Le plus grand problème de la constitution actuelle c’est le manque de respect que lui accorde le pouvoir d’Alpha Condé. Il a carrément refusé de la respecter et pourtant c’est d’elle qu’il tire les fondements juridiques de son pouvoir car c’est sur la base de celle-ci qu’il a été élu et c’est aussi sur elle qu’il a prêté serment.
La Constitution exigeait qu’il mette en place toutes les institutions dans les six mois qui suivaient sa prise de fonction pour finir avec la transition. Malheureusement, il a fallu deux ans et des dizaines de morts pour qu’il accepte d’aller aux législatives.

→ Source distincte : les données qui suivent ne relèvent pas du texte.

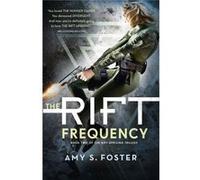 Rift Frequency Amy S Foster, (Auteur)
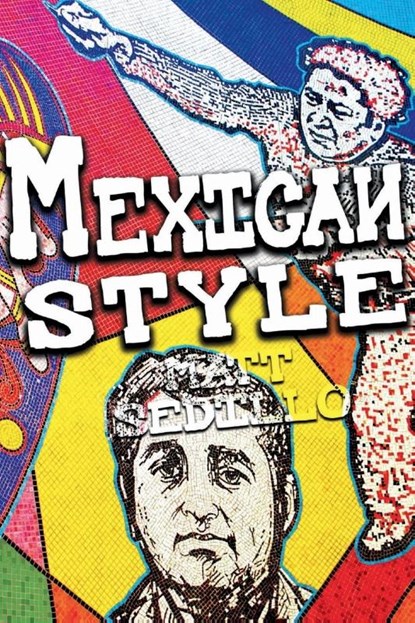 Mexican Style, Matt Sedillo - Paperback - 9781963245530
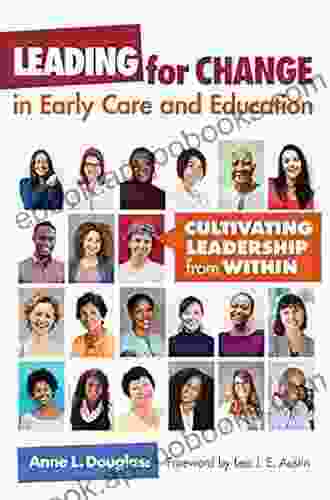 Leading For Change In Early Care And Education: Cultivating Leadership From Within (Early Childhood Education Series)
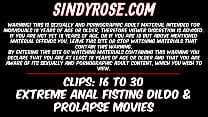 Sindy Rose extreme anal fisting, dildo & prolapse compilation 16 to 30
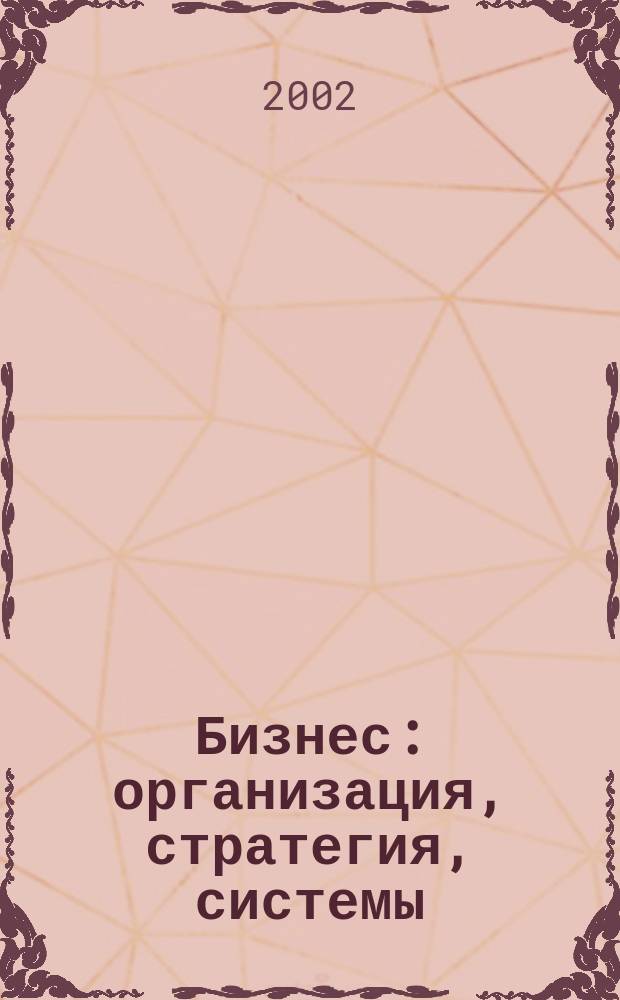 Бизнес: организация, стратегия, системы : Журн. изд-ва "Бизнес компьютер" об упр. успеш. бизнесом. 2002, № 9 (55)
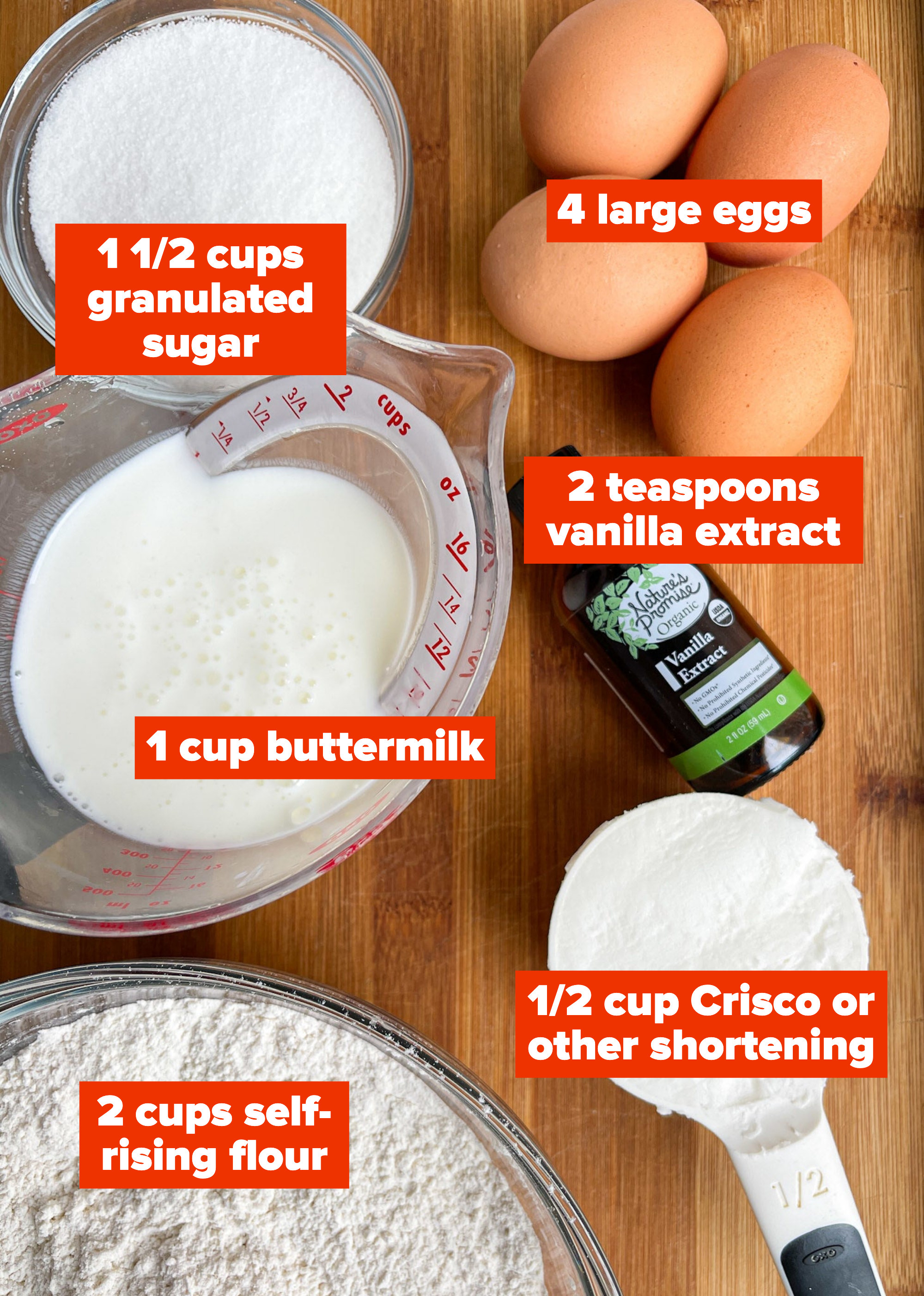 1 1/2 cups granulated sugar, 4 large eggs, 2 teaspoons vanilla extract, 1 cup buttermilk, 1/2 cup crisco or other shortening, 2 cups self-rising flour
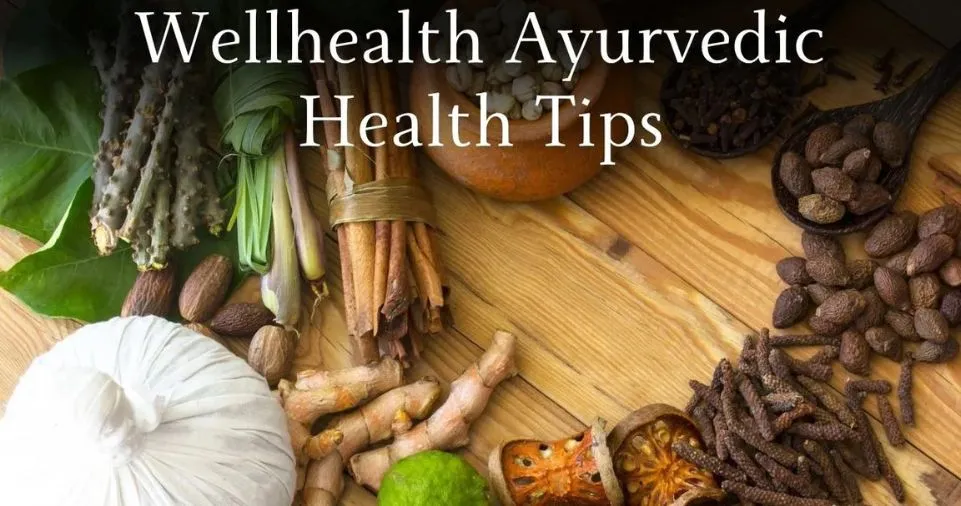 Wellhealth Ayurvedic Health Tips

Il a fallu d’autres morts encore pour qu’après huit ans, il organise les élections locales.
Il a par ailleurs refusé d’installer à temps toutes les autres institutions du pays et jusque-là la Haute Cour de Justice n’est pas encore installée. Pourtant, s’il avait des problèmes avec le nombre d’institutions prévues ou avec d’autres dispositions de la Constitution, il aurait même pu les réviser à travers l’Assemblée Nationale. De toute façon, il aurait pu obtenir le soutien des députés de l’opposition, car ceux-ci ont accompagné presque tous ses projets de loi.
Malheureusement, tout au long de ces neuf ans à la tête du pays, il a montré que ce qui l’intéressait le plus, c’était de consolider illégalement son pouvoir en violant plusieurs dispositions de la Constitution. S’il n‘a pas été capable de respecter la Constitution, comment peut-il nous en proposer une autre et qu’est ce qui obligerait un autre dirigeant de respecter celle-là ?
Ce n’est pas parce que Lansana Conté avait procédé à une modification de constitution pour se maintenir au pouvoir, qu’on devrait permettre à Alpha Condé de faire autant. C’est d’ailleurs contre ce système que le peuple s’était levé entre 2006 et 2009 et on ne peut pas soumettre le pays à un cycle interminable de changements de constitution.